(Exercise data begins)

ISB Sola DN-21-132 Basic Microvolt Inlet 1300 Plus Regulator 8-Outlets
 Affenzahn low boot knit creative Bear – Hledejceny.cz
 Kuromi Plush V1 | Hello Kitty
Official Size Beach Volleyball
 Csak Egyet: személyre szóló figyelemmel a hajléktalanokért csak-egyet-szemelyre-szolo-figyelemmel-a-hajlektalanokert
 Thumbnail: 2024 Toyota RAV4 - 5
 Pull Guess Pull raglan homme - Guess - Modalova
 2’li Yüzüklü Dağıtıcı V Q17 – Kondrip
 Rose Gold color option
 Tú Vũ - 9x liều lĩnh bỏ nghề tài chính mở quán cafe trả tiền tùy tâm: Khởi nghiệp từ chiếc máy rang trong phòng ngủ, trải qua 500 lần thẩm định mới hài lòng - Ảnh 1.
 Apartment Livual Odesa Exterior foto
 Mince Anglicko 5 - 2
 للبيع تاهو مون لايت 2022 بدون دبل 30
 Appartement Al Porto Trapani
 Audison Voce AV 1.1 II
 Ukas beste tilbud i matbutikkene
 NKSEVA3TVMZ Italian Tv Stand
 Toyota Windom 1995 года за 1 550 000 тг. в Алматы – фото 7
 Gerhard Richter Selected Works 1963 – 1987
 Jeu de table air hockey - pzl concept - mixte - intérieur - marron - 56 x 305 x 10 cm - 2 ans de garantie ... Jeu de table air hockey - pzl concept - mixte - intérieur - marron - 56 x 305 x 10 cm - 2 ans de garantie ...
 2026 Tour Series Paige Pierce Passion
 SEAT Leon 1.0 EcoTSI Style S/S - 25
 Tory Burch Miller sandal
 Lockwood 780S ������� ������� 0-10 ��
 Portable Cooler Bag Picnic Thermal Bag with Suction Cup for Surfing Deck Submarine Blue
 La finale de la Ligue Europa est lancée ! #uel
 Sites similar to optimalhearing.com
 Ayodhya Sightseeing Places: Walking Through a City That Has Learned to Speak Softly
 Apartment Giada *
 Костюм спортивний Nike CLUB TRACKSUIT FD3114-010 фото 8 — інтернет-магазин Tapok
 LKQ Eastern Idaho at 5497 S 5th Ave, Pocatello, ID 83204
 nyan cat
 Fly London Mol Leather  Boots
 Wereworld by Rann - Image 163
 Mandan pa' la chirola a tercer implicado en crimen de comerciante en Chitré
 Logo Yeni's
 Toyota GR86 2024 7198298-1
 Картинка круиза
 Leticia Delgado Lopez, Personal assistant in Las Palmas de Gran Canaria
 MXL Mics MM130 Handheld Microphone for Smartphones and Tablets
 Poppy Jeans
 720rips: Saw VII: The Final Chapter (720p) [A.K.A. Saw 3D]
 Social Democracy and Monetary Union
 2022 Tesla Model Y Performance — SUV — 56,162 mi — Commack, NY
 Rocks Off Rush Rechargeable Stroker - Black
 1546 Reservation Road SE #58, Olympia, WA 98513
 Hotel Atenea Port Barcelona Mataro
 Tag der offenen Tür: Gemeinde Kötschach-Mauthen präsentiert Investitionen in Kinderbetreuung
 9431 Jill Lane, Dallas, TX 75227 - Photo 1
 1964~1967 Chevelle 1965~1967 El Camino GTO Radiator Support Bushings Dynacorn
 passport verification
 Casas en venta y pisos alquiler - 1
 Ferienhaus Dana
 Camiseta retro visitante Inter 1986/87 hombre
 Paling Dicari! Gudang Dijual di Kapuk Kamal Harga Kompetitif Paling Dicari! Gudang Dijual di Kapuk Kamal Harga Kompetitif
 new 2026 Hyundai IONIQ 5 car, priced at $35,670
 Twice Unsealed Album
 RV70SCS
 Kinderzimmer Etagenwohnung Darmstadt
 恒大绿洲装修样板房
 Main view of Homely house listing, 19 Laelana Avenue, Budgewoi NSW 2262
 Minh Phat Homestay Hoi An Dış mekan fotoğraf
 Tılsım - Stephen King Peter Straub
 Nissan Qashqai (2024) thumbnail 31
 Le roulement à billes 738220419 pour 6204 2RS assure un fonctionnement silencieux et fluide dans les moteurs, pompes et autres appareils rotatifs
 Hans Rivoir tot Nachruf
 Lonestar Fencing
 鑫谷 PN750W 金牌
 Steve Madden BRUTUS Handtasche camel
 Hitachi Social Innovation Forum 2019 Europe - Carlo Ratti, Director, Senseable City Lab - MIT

(Exercise data ends)

Prompt
Set down, exactly as they appear above, all lines from the one that has "garantie ... Jeu" down to the one that has "Apartment Giada *", including those two and no others.

Answer area
 Jeu de table air hockey - pzl concept - mixte - intérieur - marron - 56 x 305 x 10 cm - 2 ans de garantie ... Jeu de table air hockey - pzl concept - mixte - intérieur - marron - 56 x 305 x 10 cm - 2 ans de garantie ...
 2026 Tour Series Paige Pierce Passion
 SEAT Leon 1.0 EcoTSI Style S/S - 25
 Tory Burch Miller sandal
 Lockwood 780S ������� ������� 0-10 ��
 Portable Cooler Bag Picnic Thermal Bag with Suction Cup for Surfing Deck Submarine Blue
 La finale de la Ligue Europa est lancée ! #uel
 Sites similar to optimalhearing.com
 Ayodhya Sightseeing Places: Walking Through a City That Has Learned to Speak Softly
 Apartment Giada *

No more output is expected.